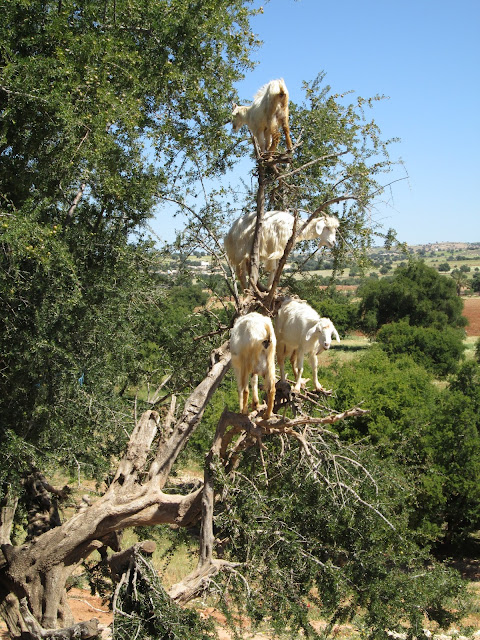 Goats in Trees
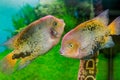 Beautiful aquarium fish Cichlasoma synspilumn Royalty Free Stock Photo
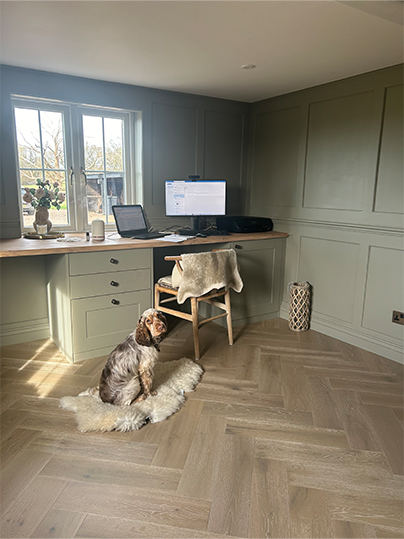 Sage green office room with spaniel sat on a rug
* * * * *
> **Your instructions**
For this exercise, transcribe the data exactly but without its pictures.

> **Task output**
 Goats in Trees
 Beautiful aquarium fish Cichlasoma synspilumn Royalty Free Stock Photo
 Sage green office room with spaniel sat on a rug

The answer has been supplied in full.